O’Dekirk pointed to the Jefferson Street bridge, which was closed for nearly three months for maintenance and repairs before reopening on Dec. 27, and the Ruby Street bridge, which was closed for eight months for repairs before reopening in April.
“It definitely affects business downtown, I can tell you first-hand,” said O’Dekirk, who has a law practice downtown.
The bridge proposal is one of four that O’Dekirk plans to bring to the council meeting at 5:30 p.m. He is a potential candidate for mayor in 2015, and O’Dekirk said last week that he would bring four proposals, which he did not outline then, to the meeting as he becomes a more “proactive” councilman.
The bridges, built in the 1930s, are maintained by the state of Illinois. The six drawbridges, five downtown and one at Brandon Road, sometimes are closed for months at a time for repairs when work crews find parts that need to be replaced.
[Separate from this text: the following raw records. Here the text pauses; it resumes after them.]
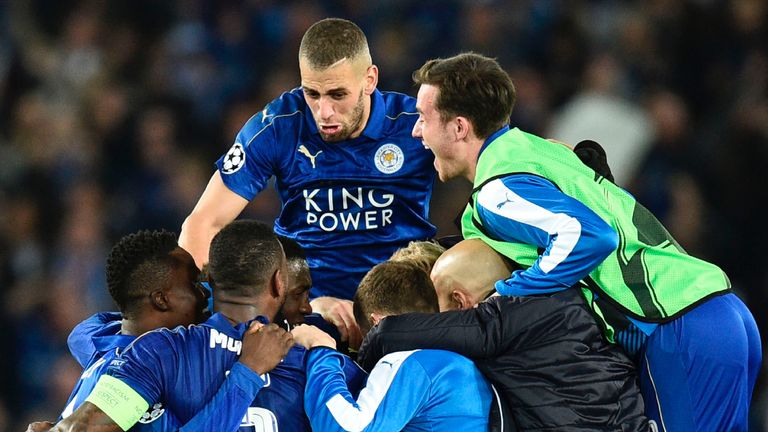 Leicester City's Algerian striker Islam Slimani (CL top) jumps in to celebrate with his Leicester teammates after their victory at the end of the UEFA Cham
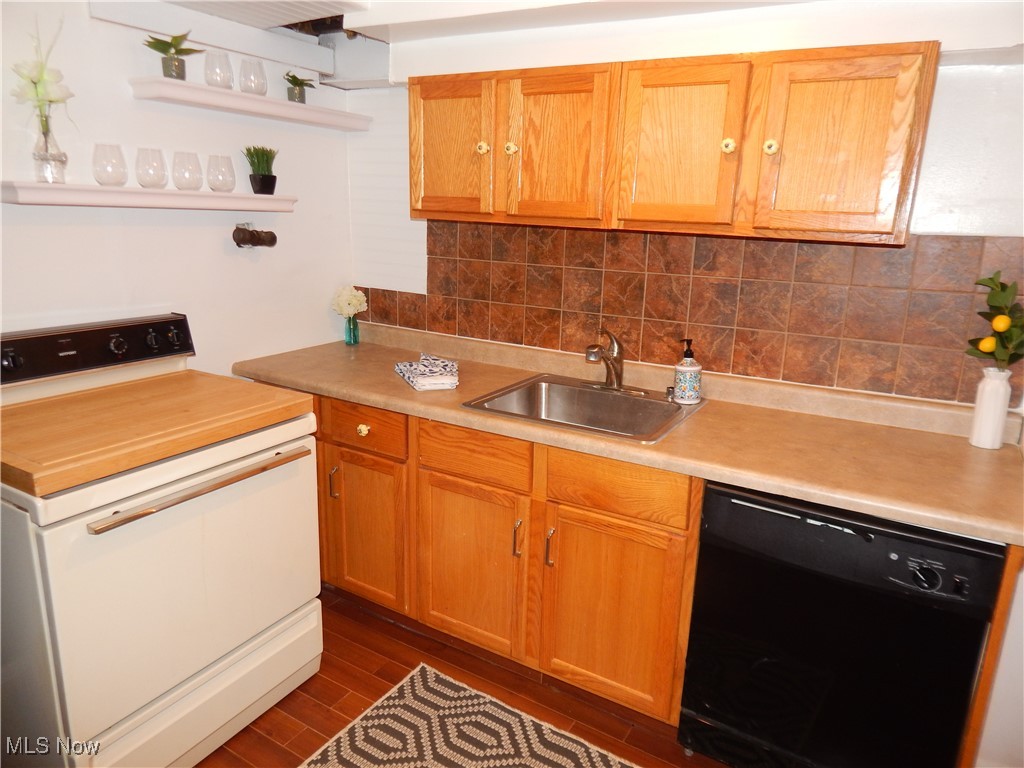 5961 Broadview Road Parma, OH 44134 - Photo 20 of 34 Basement Kitchen featuring backsplash, light laminate countertops, dishwasher, open shelves, and white stove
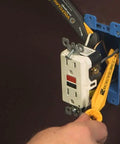 Nonconductive Electrical Wire Pliers For 12 To 14 Gauge, Safe Wire Pulling And Connector Removal Tool in use at an outlet box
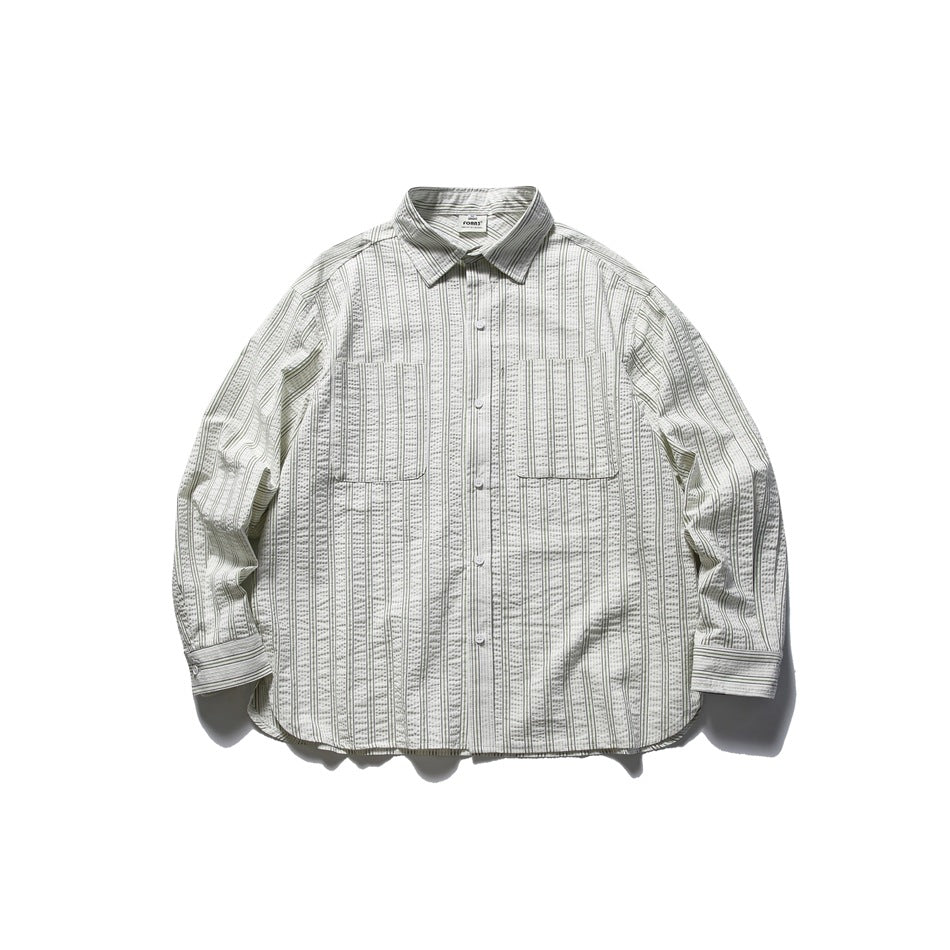 Front flat lay of an off-white striped seersucker-style long-sleeve shirt with chest pockets and button placket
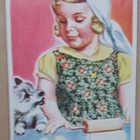 Tyttö leipoo koiranpennun katsellessa, ei p. - pikkukuva 1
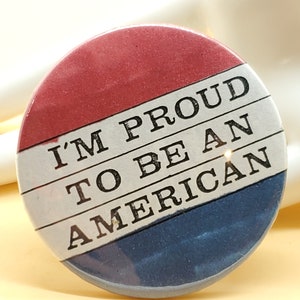 May include: A round button with a red, white and blue design. The button has the text "I'm Proud to Be An American" in black.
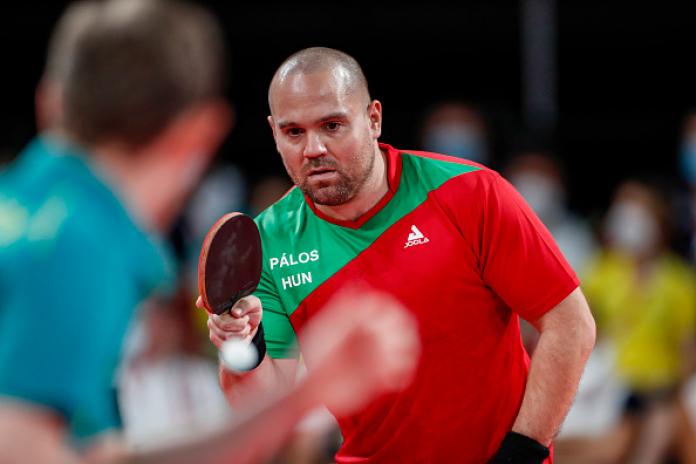 A male table tennis player competes at Tokyo 2020.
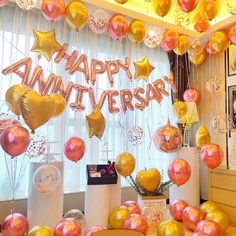 balloons and streamers are on display in front of a window with the words happy anniversary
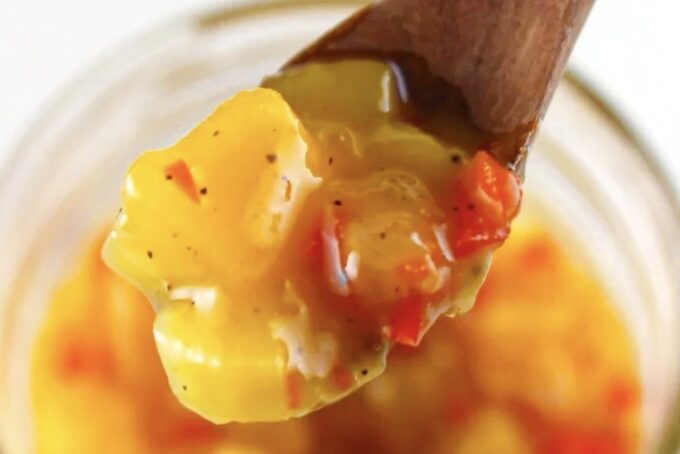 Close up of a wooden spoon with mango chutney, by enrilemoine.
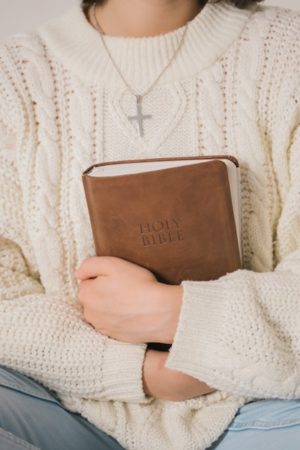 close-up-of-person-wearing-cross-necklace-with-bible-in-arms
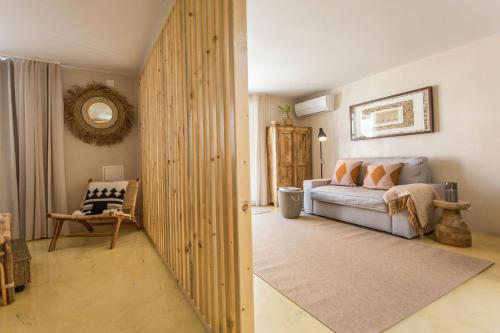 a living room with a couch and a chair at SeaYa Villas in Cascais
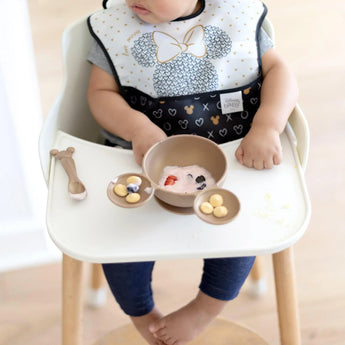 A baby in a high chair explores the Bumkins Minnie Mouse Gold Silicone First Feeding Set with yogurt, berries, and snacks nearby.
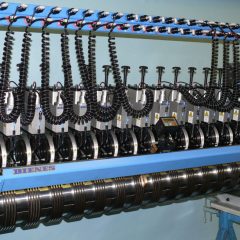 Slitting system module II-S from DIENES with grooved knives and a bottom knife shaft.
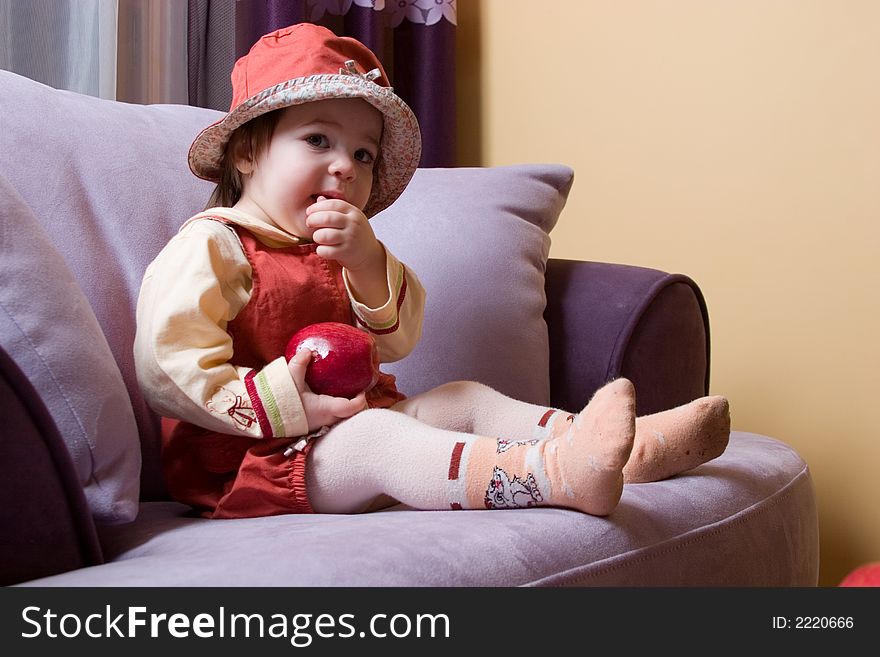 Cute little girl with red apple in her hand sitting on the sofa. Cute little girl with red apple in her hand sitting on the sofa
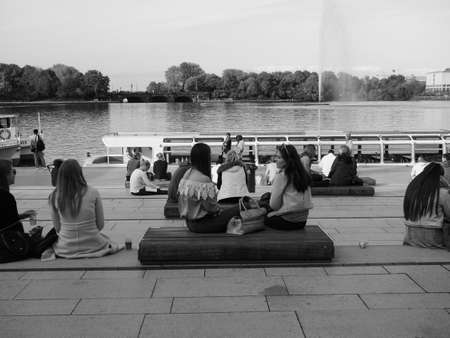 HAMBURG, GERMANY - CIRCA MAY 2017: People on Binnenalster (meaning Inner Alster lake) bank in black...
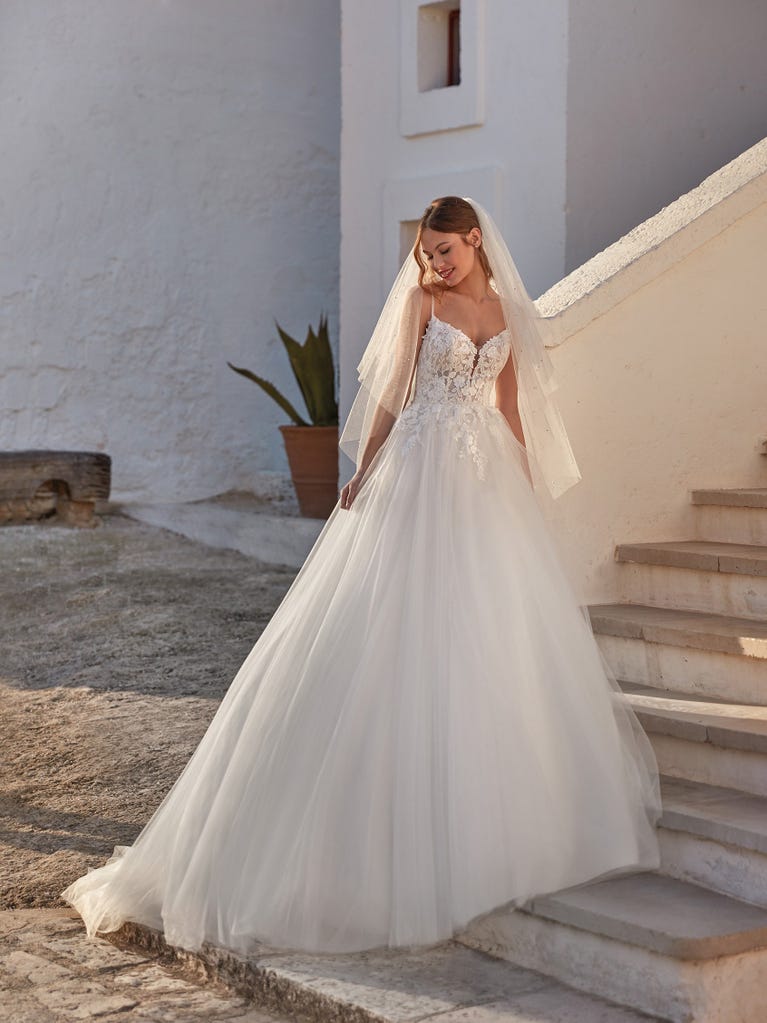 Tulle wedding dress with sleeveless bodice and sweetheart neckline. The embroidered lace creates a fabulous 3D effect, and the removable sleeves will look perfect during the ceremony.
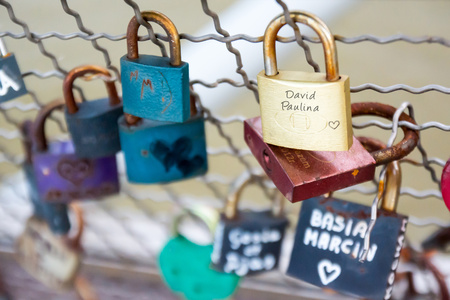 Love padlocks on fence hanging on bridge in Krakow, Poland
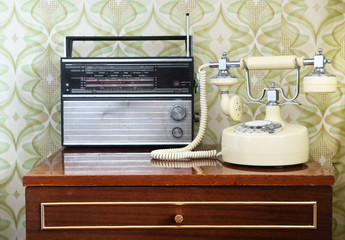 Retro radio on the table against the background of vintage wallpaper	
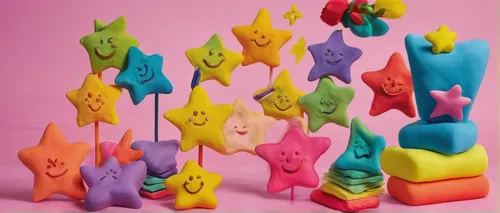 Explain the symbolism behind a star shape in a dreamy mood.,marzipan figures,neon candy corns,wooden toys,clothe pegs,clay figures,felt baby items,game pieces,cookie cutters,origami paper,stuff toy,pl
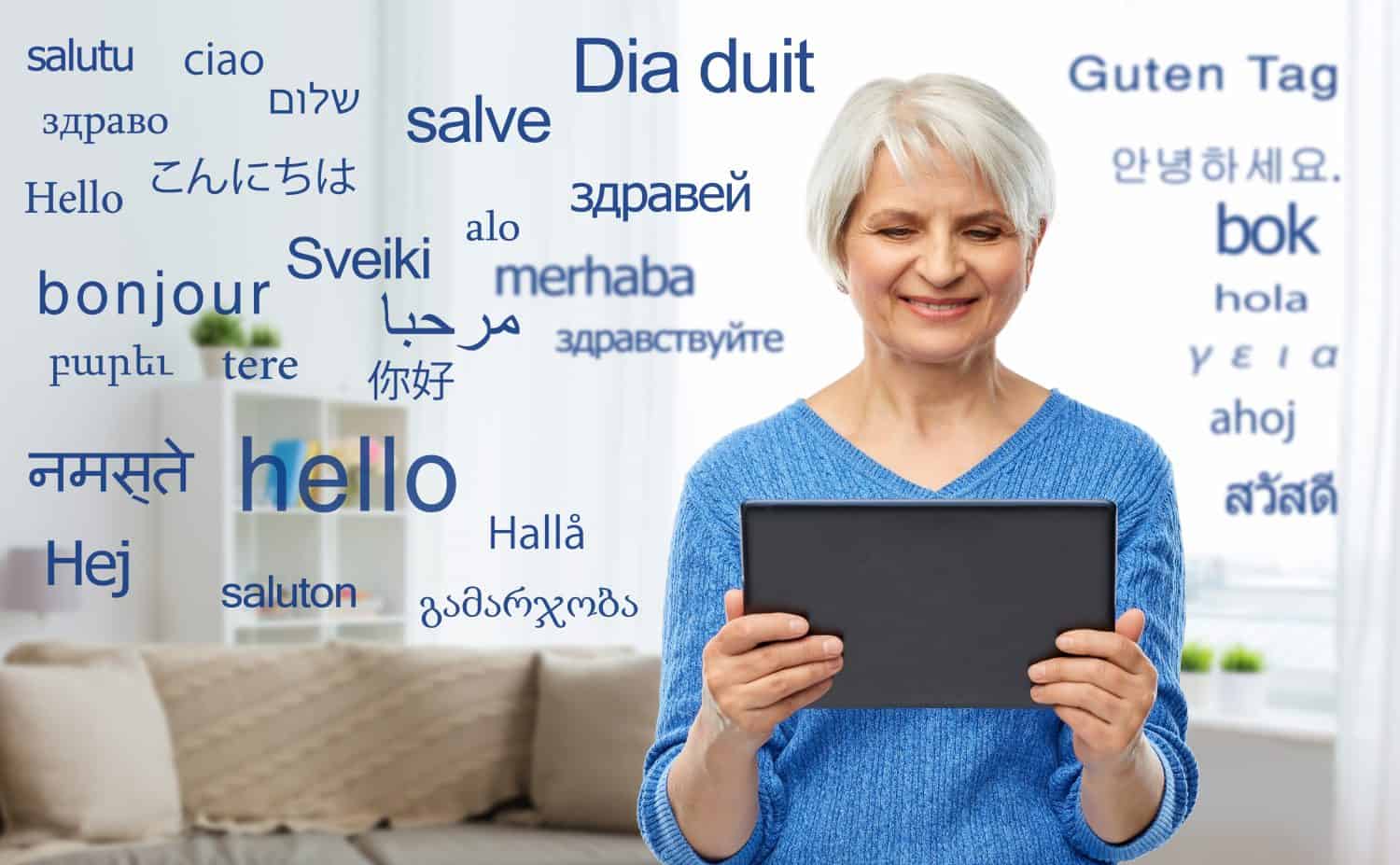 technology, online translator and old people concept - smiling senior woman using tablet computer over greeting words in different foreign languages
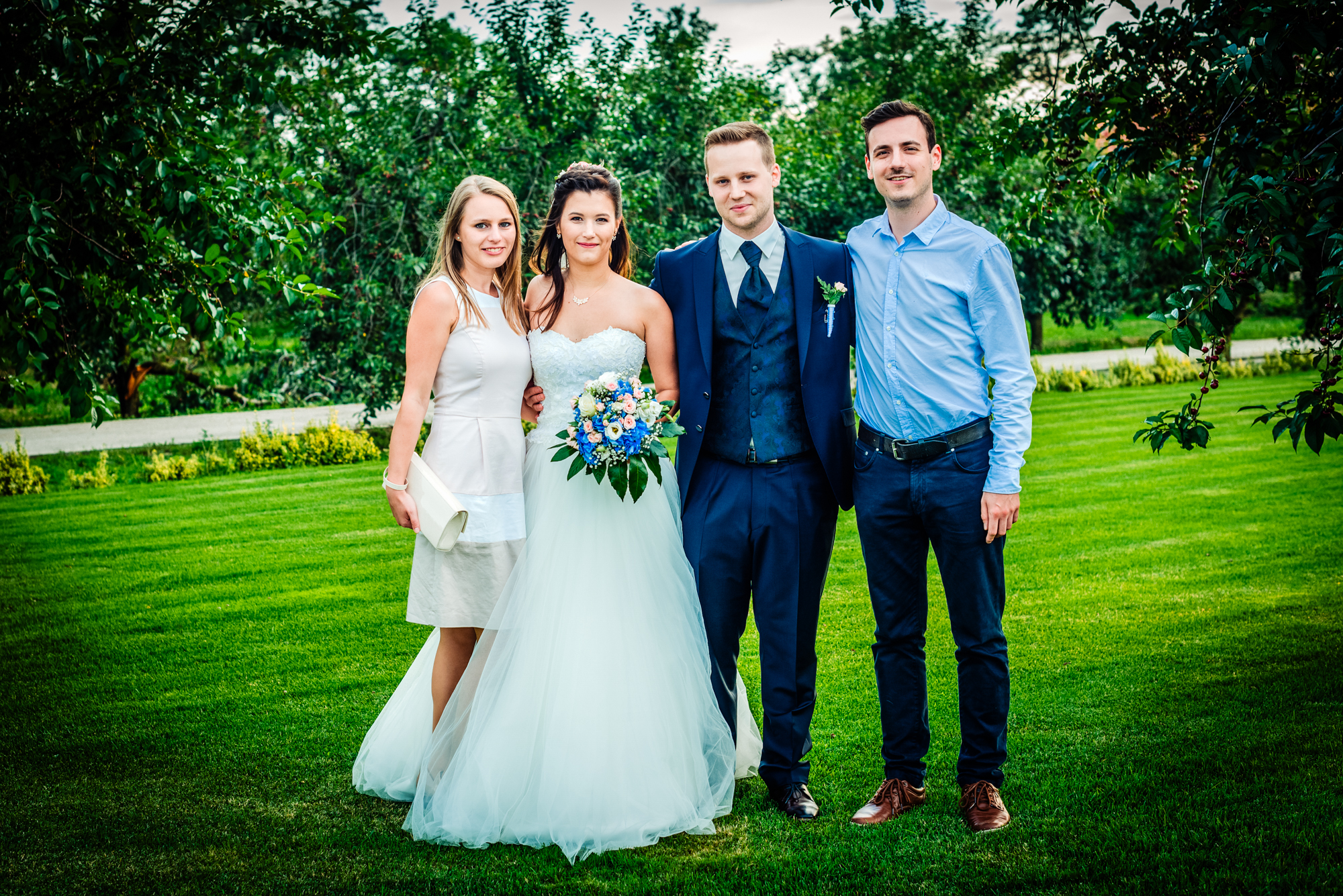 Bride and groom posing with wedding guests on green lawn during vineyard wedding celebration.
Replacement parts typically have to be custom-made for the bridges.
Mayor Thomas Giarrante said O’Dekirk’s proposal “sounds good. The problem is the bridges are old. When they work on them, it’s like working on an old home. They get in there and find parts that have to be replaced, and they have to make the parts.”
O’Dekirk said the proposals he will make at the meeting are not tied to any considerations for the 2015 mayoral campaign.
But two other proposals are aimed at a redevelopment project that Giarrante emphasized in his first campaign for mayor in 2011.
O’Dekirk said the city should pursue U.S. Environmental Protection Agency funding to clean up the old U.S. Steel mill site on Collins Street and put it back to use. He said he will first present his idea to Giarrante at the Monday meeting, including a proposal to turn the site into a training campus for police and firefighters with federal funding.
The city currently is trying to get U.S. Steel to clean up the property, Giarrante said. He said the company, under the oversight of the EPA, could do the job quicker than relying on the government alone.
Giarrante also said the front part of the property along Collins Street is not polluted, and the city would like to see retail development in that section.
O’Dekirk’s fourth proposal will be for the city to close certain downtown streets during the summer for more events, like the New Orleans North party sponsored by the Joliet Region Chamber of Commerce.